Historical Influences

Her altered piano techniques have historical forerunners: think of John Cage’s modified instruments, or the innovative methods of American eccentric Henry Cowell. The notable aspect is how masterfully she merges these novel textures with her own bluesy vocabulary at the keyboard. The language scarcely deviates from that which she honed in a catalog extending to more than 80 albums, so that the new hallucinogenically hued sounds are driven by the bubbling vitality of an artist in complete command. It’s electrifying music.

A Lifelong Experimenter

Throughout her life, Williams tinkered with the piano. "Striking keys produced hues in my mind," she reportedly said. She was given her first vertical piano in 1954. In her writings, she recounted the tale of her first "disassembling" – "a practice I continued for all pianos," she noted: Williams removed a panel from under the piano’s keyboard, and placed it on the floor alongside her stool. "Seeking rhythm, my left foot turned into the hi-hat pedal," she stated.

Initially, Williams studied classical piano at the Peabody Conservatory. Youthful exposures with the standard canon led her to Rachmaninov; she brought his famous Prelude in C minor to her piano teacher, who scolded her for improvising a section. Yet he recognized her potential: the following week, he introduced her to Dave Brubeck to play. She mastered his Take Five within a week.

Frustration with the Scene

In time, Brubeck call Williams "among the finest pianists I have ever heard," and McCoy Tyner was just as awed.
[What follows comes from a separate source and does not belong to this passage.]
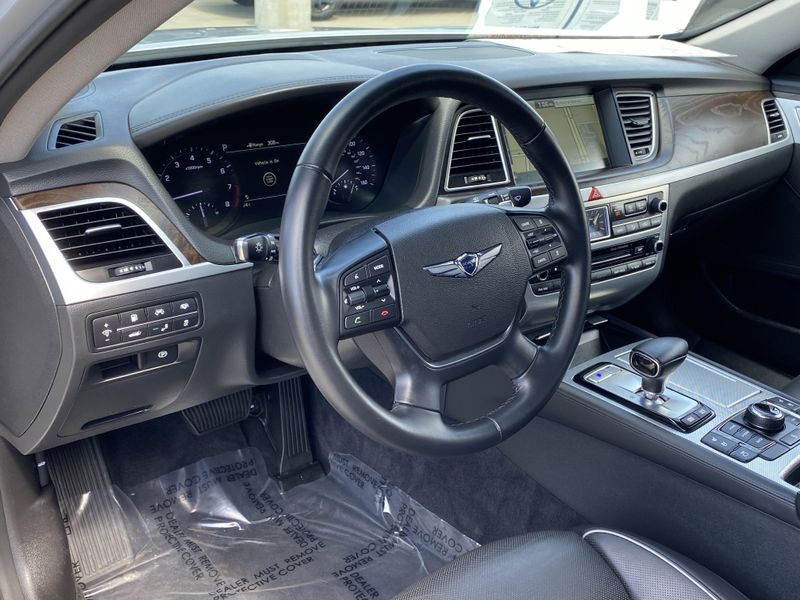Used 2018 Genesis G80 3.8Image 14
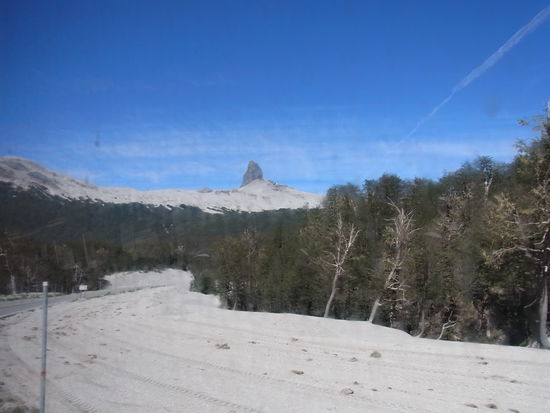 Foto wurde hinter schmutzigen Bus-Fenstern aufgenommen und lässt nur vage ahnen, wie es wirklich aussieht da draussen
Williams’ 2004 Grammy-nominated album Live at Yoshi’s, Vol 1, shows her deep knowledge of jazz history, plus her signature clever pianistic wit. Yet, despite her dedicated efforts to study the genre – first, to the more modern styles of Coltrane, Miles and Dolphy, before working her way back to Monk and Garner to Fats Waller and James P Johnson – she rapidly felt disappointed with the jazz world.

Upon relocating from Philadelphia to San Francisco, Williams was introduced to the great Mary Lou Williams. Buoyed up by the elder pianist's advice ("Don’t ever let anyone stop you"), she emerged as a outspoken, vocal critic of her scene: of the poor compensation, the jazz "male-dominated sphere," the "typical jazz socializing" – namely smoking and drinking as the key way of securing work – and of a corporate industry benefiting from the efforts of artists in need.

"I am repeatedly disappointed at the reality of the ‘jazz world’ and its incapacity to coordinate, express, and advocate for a set, any set, of core values," she penned in the sleeve text to her 2008 release Deep Monk. Likewise, the writing on her blog was broad in scope, direct, decidedly ideological and feminist, though she infrequently addressed her experiences as a trans individual. A writer pointed out: "To add to the sexism … that chased her from her desired musical domain for a period, imagine what kind of inhumane bullshit she must have suffered as a trans woman in the jazz scene of the early 80s."

A Journey of Independence

Williams’ career arced towards self-sufficiency. Following a period in the active Bay Area scene, she moved through smaller cities such as Sacramento and Santa Cruz, moving to Portland in 1991, and later moving smaller still, to Yakima, Washington State, in the 2010s. Williams saw early on the immense possibilities of the internet

Amy Lamb
Amy Lamb

A strategic consultant with over a decade of experience in helping individuals and organizations optimize their approaches for better outcomes.